Small Claims Decisions

Decision Information

Decision Content

Date Issued: March 23, 2021

File: SC-2020-006507

Type: Small Claims

Civil Resolution Tribunal

Indexed as: Somel v. Gourley, 2021 BCCRT 324

Between:

SANDY SOMEL and PARMINDER SOMEL

ApplicantS

And:

BRIAN LAWRENCE GOURLEY and TOYOKO GOURLEY

RespondentS

REASONS FOR DECISION

Tribunal Member:

Sherelle Goodwin

INTRODUCTION

1.      This contract dispute is about a compliance deposit.

2.      The applicants, Sandy Somel and Parminder Somel, purchased a vacant residential lot from the respondents, Brian Lawrence Gourley and Toyoko Gourley, in 2015. The Somels say that they paid the Gourleys a $5,000 compliance deposit. The Somels say their house has been built and complies with the registered building scheme, but the Gourleys refuse to return the deposit. The Somels claim $5,000.

3.      The Gourleys deny that the contract requires them to return the compliance deposit to the Somels. The Gourleys also say the Somels’ claim is out of time under the Limitation Act. They ask that the claim be dismissed.

4.      Mr. Somel (Sandy) represents the applicants. The respondents are represented by Tyler Dennis, a lawyer.

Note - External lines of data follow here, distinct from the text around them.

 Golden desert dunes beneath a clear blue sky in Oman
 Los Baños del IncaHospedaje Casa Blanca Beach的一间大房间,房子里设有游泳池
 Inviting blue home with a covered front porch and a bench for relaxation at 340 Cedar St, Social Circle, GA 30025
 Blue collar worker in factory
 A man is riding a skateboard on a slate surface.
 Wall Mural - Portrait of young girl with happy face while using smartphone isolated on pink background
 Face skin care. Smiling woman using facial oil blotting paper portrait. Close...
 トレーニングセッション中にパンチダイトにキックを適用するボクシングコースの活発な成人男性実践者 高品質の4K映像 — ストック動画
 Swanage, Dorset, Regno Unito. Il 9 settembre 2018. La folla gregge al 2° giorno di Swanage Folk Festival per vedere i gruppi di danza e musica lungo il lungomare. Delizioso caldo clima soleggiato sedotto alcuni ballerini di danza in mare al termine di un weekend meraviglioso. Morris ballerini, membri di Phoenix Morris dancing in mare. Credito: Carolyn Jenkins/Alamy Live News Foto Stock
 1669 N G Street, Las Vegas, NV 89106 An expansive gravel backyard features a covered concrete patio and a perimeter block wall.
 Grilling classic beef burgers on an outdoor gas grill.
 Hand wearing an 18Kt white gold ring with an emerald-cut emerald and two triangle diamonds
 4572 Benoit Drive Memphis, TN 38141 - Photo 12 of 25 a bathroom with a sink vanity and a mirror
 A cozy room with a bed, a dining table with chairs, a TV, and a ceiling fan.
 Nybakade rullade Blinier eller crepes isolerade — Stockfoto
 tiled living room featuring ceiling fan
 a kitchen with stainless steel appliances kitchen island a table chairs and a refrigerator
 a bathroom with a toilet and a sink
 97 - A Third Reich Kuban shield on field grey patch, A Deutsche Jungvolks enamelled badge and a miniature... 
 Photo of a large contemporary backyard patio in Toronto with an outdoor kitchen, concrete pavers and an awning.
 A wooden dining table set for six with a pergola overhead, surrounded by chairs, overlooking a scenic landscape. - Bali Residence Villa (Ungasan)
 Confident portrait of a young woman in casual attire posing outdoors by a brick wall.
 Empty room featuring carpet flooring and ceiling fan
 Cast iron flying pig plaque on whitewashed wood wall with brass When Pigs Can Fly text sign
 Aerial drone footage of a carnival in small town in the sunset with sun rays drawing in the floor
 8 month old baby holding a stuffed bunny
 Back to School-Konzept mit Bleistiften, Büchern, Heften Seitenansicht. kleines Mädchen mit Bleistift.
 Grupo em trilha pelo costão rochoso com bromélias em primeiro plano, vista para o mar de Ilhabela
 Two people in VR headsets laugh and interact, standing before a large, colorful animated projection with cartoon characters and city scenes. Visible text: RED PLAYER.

JURISDICTION AND PROCEDURE

5.      These are the formal written reasons of the Civil Resolution Tribunal (CRT). The CRT has jurisdiction over small claims brought under section 118 of the Civil Resolution Tribunal Act (CRTA). Section 2 of the CRTA states that the CRT’s mandate is to provide dispute resolution services accessibly, quickly, economically, informally, and flexibly. In resolving disputes, the CRT must apply principles of law and fairness, and recognize any relationships between the dispute’s parties that will likely continue after the CRT process has ended.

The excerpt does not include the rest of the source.